High Altitude Mass Volley

August 7, 2019
scifi aerospace engineering abstract wishlist


I have always been interested in space, but this idea for getting there cheaper has been brewing for a few years, and while I’ve yet to sit down and do the math, it has gotten to a place where it seems intuitive enough to work.

Before I go into the solution, let’s look at the problem. At present, out best way of getting to space involves stacking explosives as high as we can, sitting on top with a countdown, and hoping that we planned for all the eventualities.

Setting aside the risk to life and property involved in this, we have the issue of more weight requiring more fuel, which is in turn, more weight. This makes it so launching payloads doesn’t scale linearly.

Inspirational work

This all started with a jump back in time to Newton’s cannonball. It certainly would solve for having to carry that pesky fuel? The problem with this, is that if you want to reach orbital velocity, not even accounting for air resistance, the acceleration required would be more than enough to kill you.

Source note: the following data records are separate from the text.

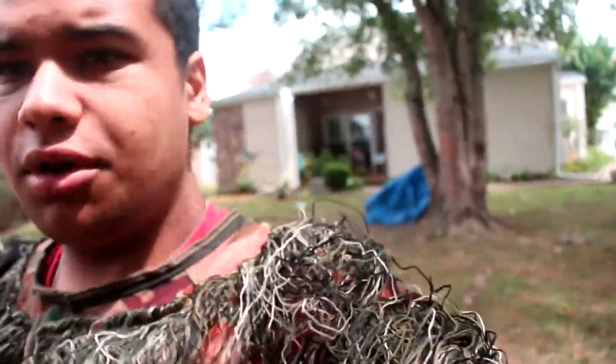Hello everybody, my name is Lucas and today we're doing a little bit of a different video. As you can see right behind me there are some bird seed things, and right in my hand we have some birdseed. I have a ghillie suit on — it's not the best ghillie suit, you can see through it, and I have a red shirt underneath that I probably should change.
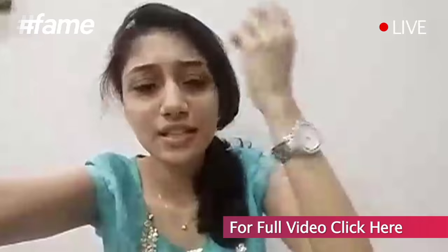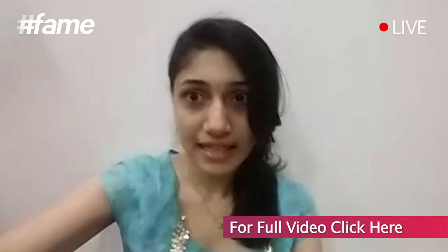Hey guys, good morning and welcome to the beam! Today we're going to do something special. Since it's my DIY beam, we're going to make a yarn lantern. I've got all the materials here: balloons, yarn, and glue.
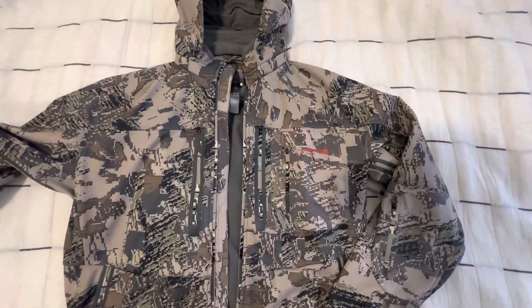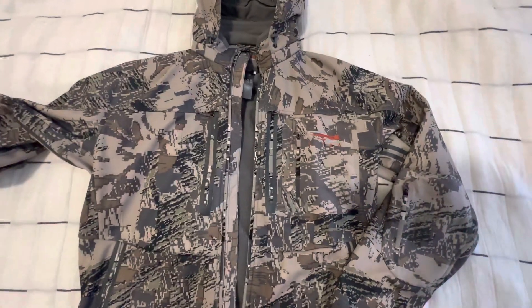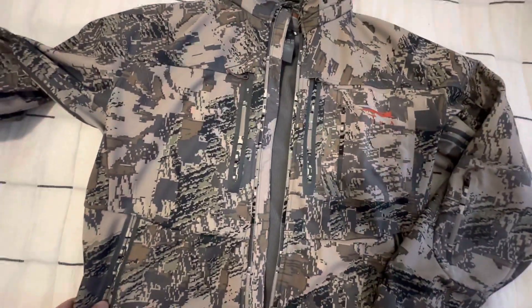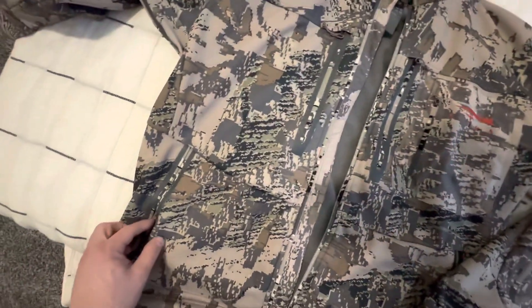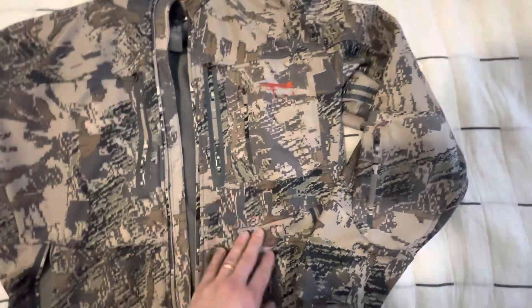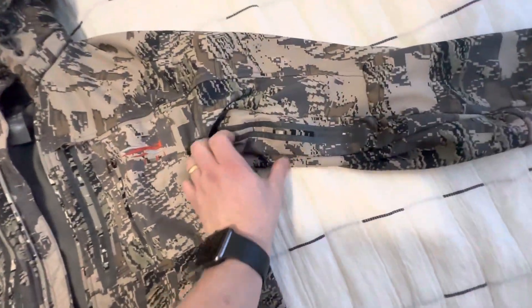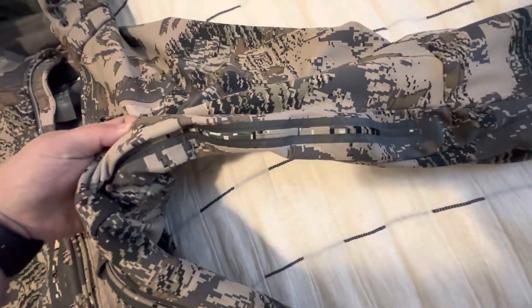This is a video on the Sitka Jetstream jacket. I've been wearing this jacket for about a year now and I've been very impressed with the quality. It does come with quite a bit of storage space through these zippers here as well as on the arms, another one here, and then underneath it does have a zipper for ventilation.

But we are determined to get to space! Violent acceleration can’t stop us. What about a train? Those accelerate slowly and get going really fast. This is actually a great idea. You would need a massively long train, but something like Elon Musk’s hyperloop might do. Aside from the capital costs of this approach, we have to deal with air resistance when we exit the hyperloop. This could potentially be solved by building a hyperloop muzzle that ascends into the sky to where the air is thin. I am a huge fan of this idea and it would drastically lower the cost of sending things to space if we are able to invest enough upfront to make it happen. But is there a way we can do something at lower cost now? Can we overcome the challenge of acceleration, fuel weight, and air resistance without being united in the effort by another cold war?

Back to the basics

If we think back to the cannon, it works, we can accelerate small pellets past escape velocity with current technology and we have very sophisticated targeting software that could hit a target from very far away. What if we just had a lot of very small guns shooting a space ship to propel it to orbit?

There are more than a couple problems with this, including:

  1. air resistance
  2. turbulence complicating targeting
  3. obstructions blocking the craft
  4. wear on the craft from impact
  5. collecting projectiles

But if done right, this approach could be very desirable. It could allow our payload to have almost no sophistication, which would make reusability much easier. It also could tie into an electrical grid, which would make it cheap.

Wear on the craft is the easiest to solve. We can use electromagnetic projectiles, or even just make the projectiles very soft and light.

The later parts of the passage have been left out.